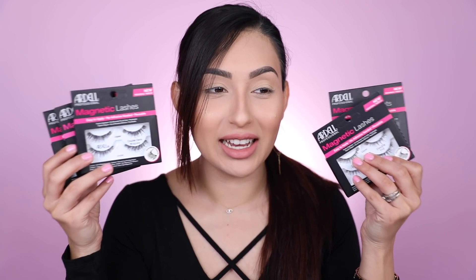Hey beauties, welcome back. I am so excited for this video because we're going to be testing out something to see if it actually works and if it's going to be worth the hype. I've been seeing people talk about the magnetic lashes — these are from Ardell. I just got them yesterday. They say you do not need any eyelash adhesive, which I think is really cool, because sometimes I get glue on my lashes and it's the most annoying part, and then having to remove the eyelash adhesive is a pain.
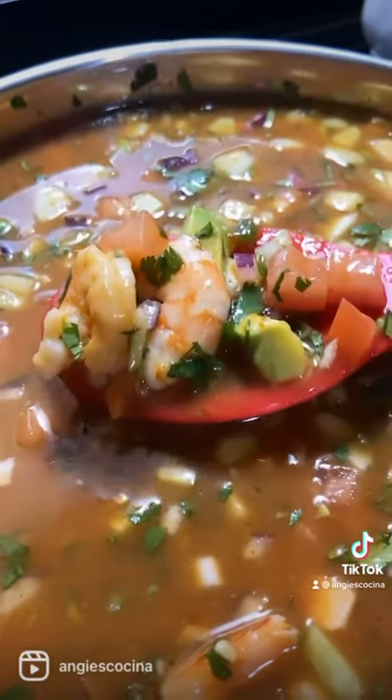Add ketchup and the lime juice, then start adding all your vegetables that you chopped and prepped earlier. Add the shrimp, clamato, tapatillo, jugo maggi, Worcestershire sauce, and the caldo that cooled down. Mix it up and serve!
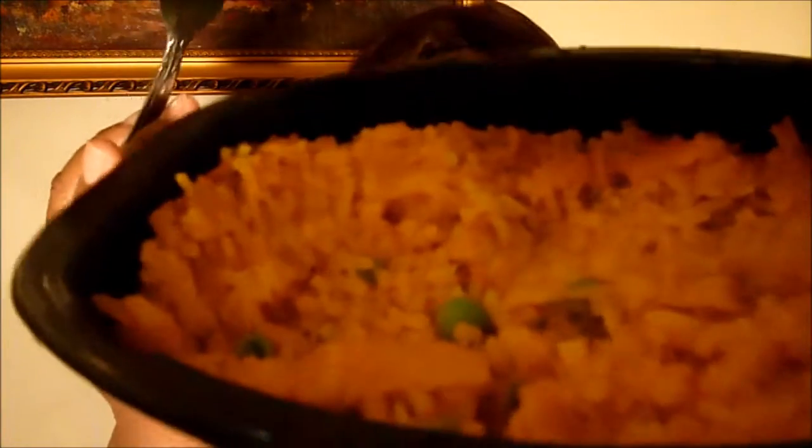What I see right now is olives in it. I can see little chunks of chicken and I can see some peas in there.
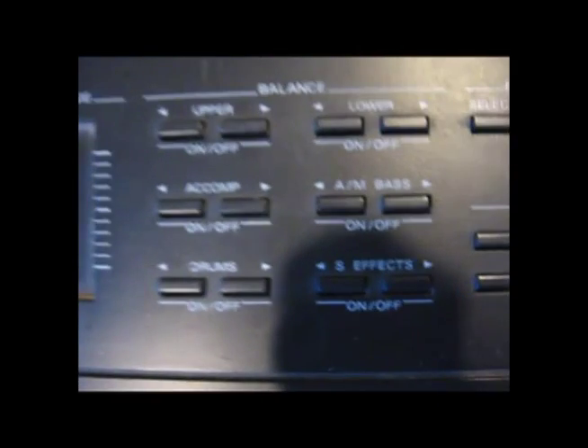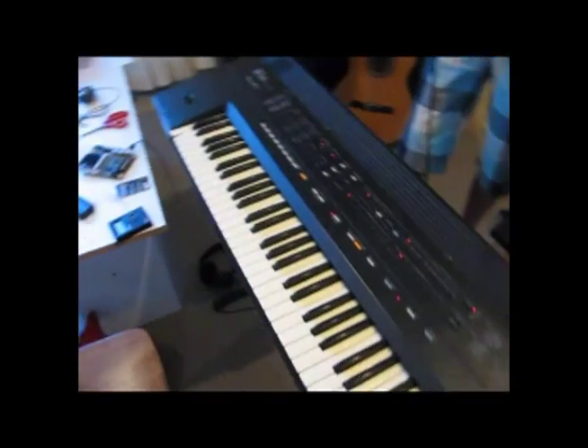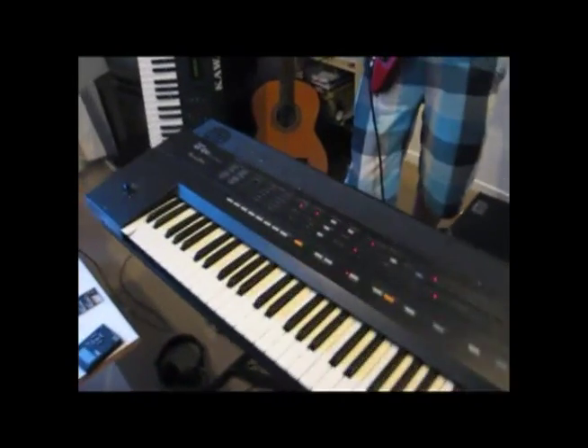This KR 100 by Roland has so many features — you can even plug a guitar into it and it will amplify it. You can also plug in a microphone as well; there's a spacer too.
====================
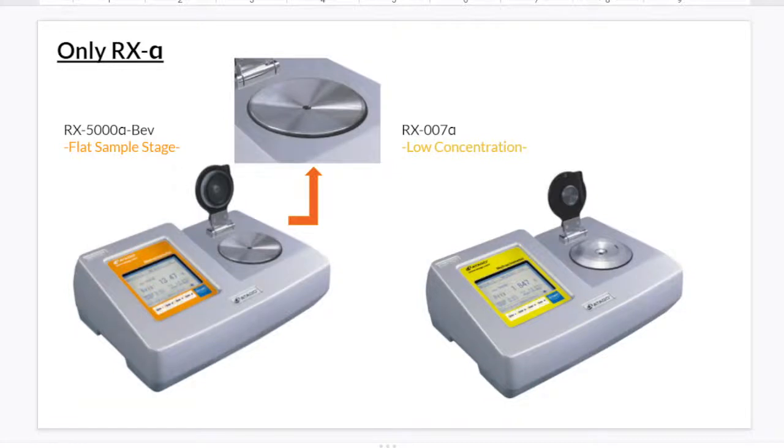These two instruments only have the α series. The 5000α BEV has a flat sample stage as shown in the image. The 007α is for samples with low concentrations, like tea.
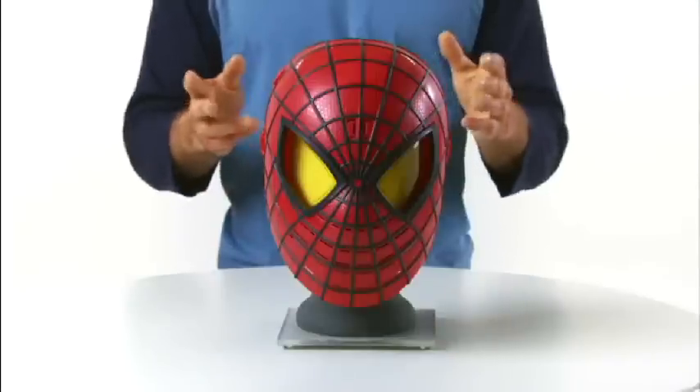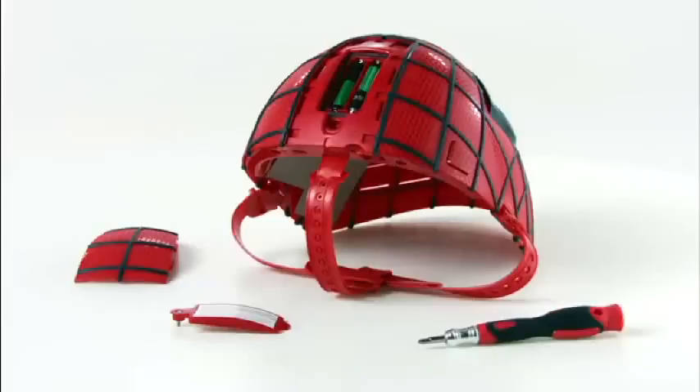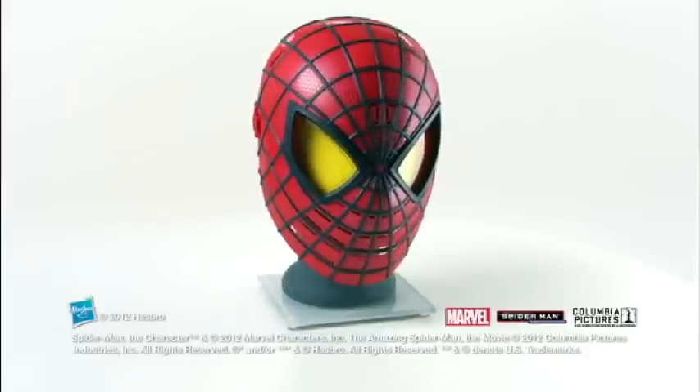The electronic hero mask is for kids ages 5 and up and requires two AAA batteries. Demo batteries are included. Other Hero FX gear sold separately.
====================
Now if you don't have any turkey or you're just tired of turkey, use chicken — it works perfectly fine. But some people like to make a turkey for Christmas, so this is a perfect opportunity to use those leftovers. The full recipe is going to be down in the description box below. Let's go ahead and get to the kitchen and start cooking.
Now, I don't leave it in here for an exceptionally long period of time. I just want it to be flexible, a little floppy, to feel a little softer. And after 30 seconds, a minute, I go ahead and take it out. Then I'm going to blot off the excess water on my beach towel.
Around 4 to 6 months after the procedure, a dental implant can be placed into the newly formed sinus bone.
====================
→ **Exercise brief**
From the records above, transcribe only the stretch from the line with "Add ketchup and" through the line with "This KR 100", keeping both ends. Omit pictures.

→ **Finished exercise**
Add ketchup and the lime juice, then start adding all your vegetables that you chopped and prepped earlier. Add the shrimp, clamato, tapatillo, jugo maggi, Worcestershire sauce, and the caldo that cooled down. Mix it up and serve!
What I see right now is olives in it. I can see little chunks of chicken and I can see some peas in there.
This KR 100 by Roland has so many features — you can even plug a guitar into it and it will amplify it. You can also plug in a microphone as well; there's a spacer too.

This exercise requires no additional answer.